▸ **TASK TO COMPLETE**
Your answer must be the full set of records, repeated exactly.

GIVEN RECORDS START

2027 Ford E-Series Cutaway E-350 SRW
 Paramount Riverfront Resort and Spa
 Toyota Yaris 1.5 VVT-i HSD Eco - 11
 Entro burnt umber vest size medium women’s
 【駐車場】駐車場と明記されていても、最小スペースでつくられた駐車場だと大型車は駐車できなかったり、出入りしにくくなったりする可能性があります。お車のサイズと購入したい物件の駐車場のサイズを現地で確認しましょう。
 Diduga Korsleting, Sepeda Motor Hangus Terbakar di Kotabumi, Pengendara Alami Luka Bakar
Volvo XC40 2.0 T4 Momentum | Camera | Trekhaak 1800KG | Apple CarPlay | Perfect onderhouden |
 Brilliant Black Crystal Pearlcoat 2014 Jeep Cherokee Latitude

GIVEN RECORDS END

▸ **EXPECTED OUTPUT**
2027 Ford E-Series Cutaway E-350 SRW
 Paramount Riverfront Resort and Spa
 Toyota Yaris 1.5 VVT-i HSD Eco - 11
 Entro burnt umber vest size medium women’s
 【駐車場】駐車場と明記されていても、最小スペースでつくられた駐車場だと大型車は駐車できなかったり、出入りしにくくなったりする可能性があります。お車のサイズと購入したい物件の駐車場のサイズを現地で確認しましょう。
 Diduga Korsleting, Sepeda Motor Hangus Terbakar di Kotabumi, Pengendara Alami Luka Bakar
Volvo XC40 2.0 T4 Momentum | Camera | Trekhaak 1800KG | Apple CarPlay | Perfect onderhouden |
 Brilliant Black Crystal Pearlcoat 2014 Jeep Cherokee Latitude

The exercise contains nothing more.